# Sub-Zero, Wolf or Kitchenaid?



## smb3a (Oct 22, 2007)

I am trying to decide between a Wolf Convection Microwave vs. a Kitchenaid Microwave. I would appreciate any suggestions? 
Also, I am trying to decide between a Kitchenaid ice maker vs. Sub Zero ice maker?


----------



## crispysgirl (Nov 2, 2007)

I personally would go with Wolf and Subzero. Kitchenaid is made by Whirlpool and there's nothing wrong with it...but if you are going to using this equipment ALOT...go for professional grade-will last much longer and warranties may be better as well. IMO...


----------



## muskyhopeful (Jun 16, 2006)

FWIW, you may want to check who makes the Wolf Microwave. When I purchased my Wolf Range two years ago, Wolf did not make microwaves, but rather put their badge on someone else's product. Don't get me wrong, I love my Wolf Range, but I'm not sure I would want to pay for the Wolf name on a microwave made by another company.

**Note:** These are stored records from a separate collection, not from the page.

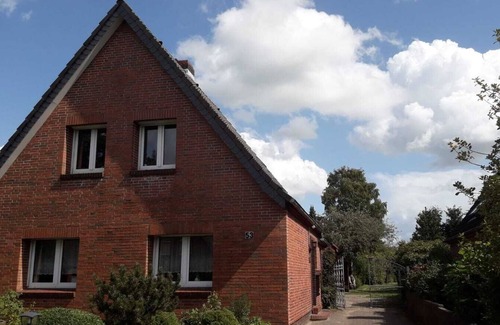 Weddingstedt House | Vacation home near Büsum, Heide and St. Peter-Ording with fenced garden ❤️.
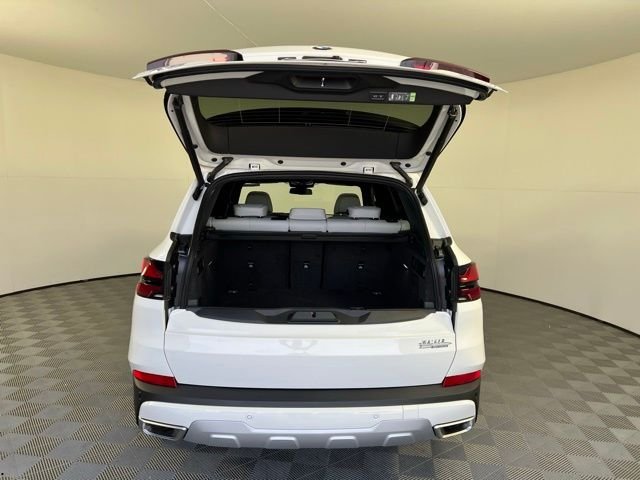 New 2026 White BMW sDrive40i image 39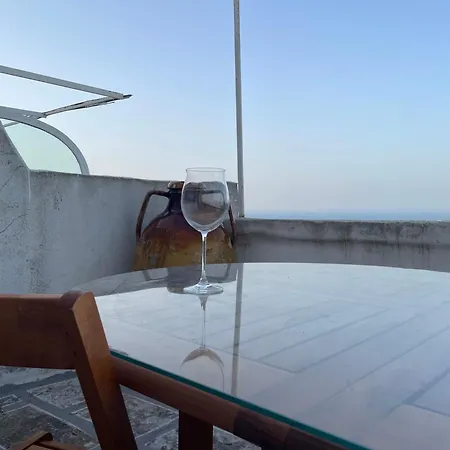 La Terrazza Bianca Di Holiday home *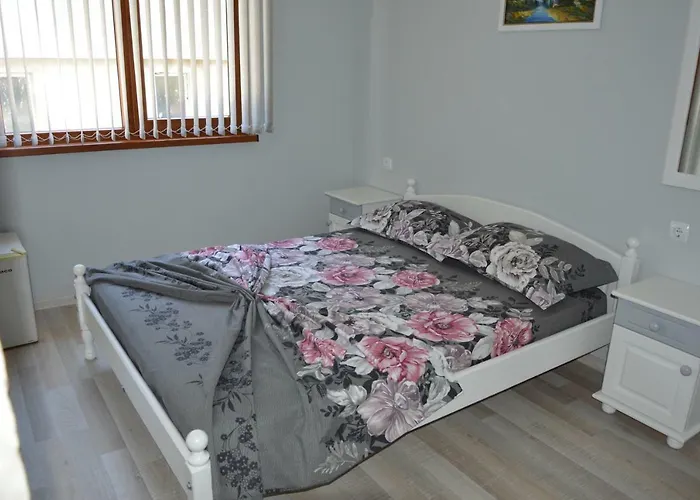 семейна къща “вълчеви” Πανσιόν 3*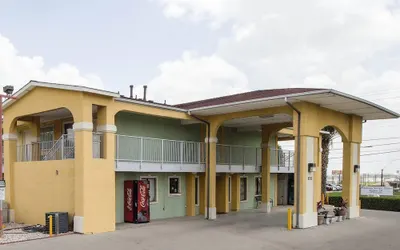 Econo Lodge Inn & Suites San Antonio near Frost Bank Center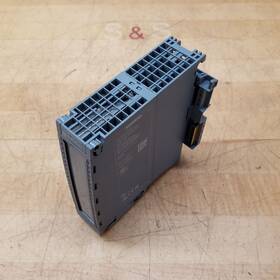 526-2bf00-0ab0 Siemens 6es7 Simatic S7-1500 Digital Input Module 8x24vdc - Used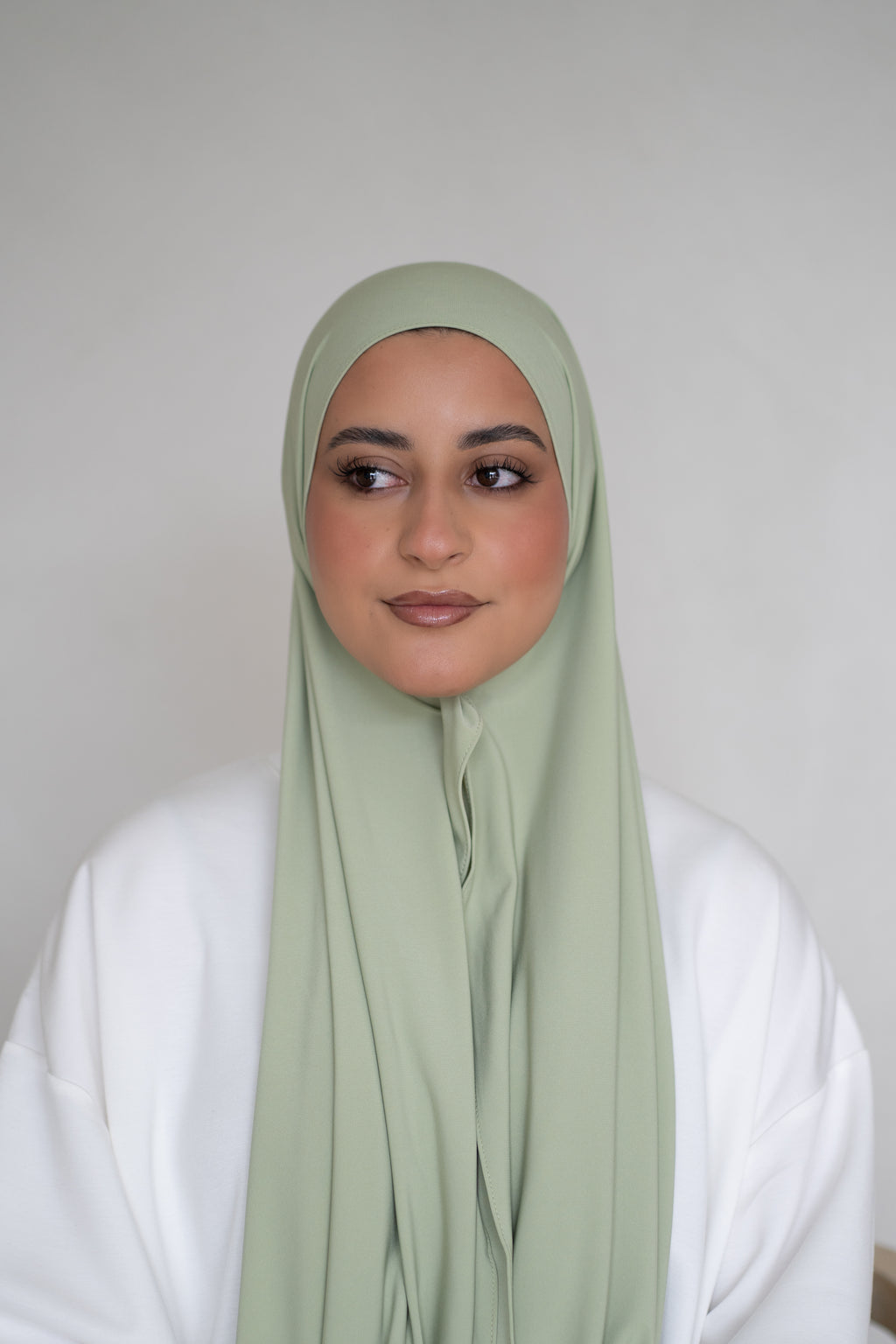 Premium Jersey Hijab Pistachio Silk (Green)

Could be they are now making them, however. Should be easy to find out.


----------



## cheftorrie (Jun 23, 2006)

Welp. in one aspect, Kitchenmaid is maid by Whirlpool. However, I was never aware that Wolf was just sticking stickers on products that they where not making, but hmm, you never know. As for the freezer in my house, and the ones in my restaurant, they are sub-zero. And the ranges, well the one in my house is an old kenmoore that I hate, but the ones in my restaurant are wolfs and I love them. Again, as far as microwaves go, sorry, I dont have much advice there,


----------



## marye (Sep 20, 2007)

Everything in my kitchen is Wolf/Subzero and I love them!

Good luck!


----------



## foodpump (Oct 10, 2005)

Whirlpool ice machines have a reputation for breaking down, and there's only a 1 yr warranty on them. Get a Hoshizaki, very similiar in size, ( will fgit into 15" wide cabinets) but waaay better performance and a much longer warranty. In spite of the name, Hoshizaki are made in, Ga. I think.


----------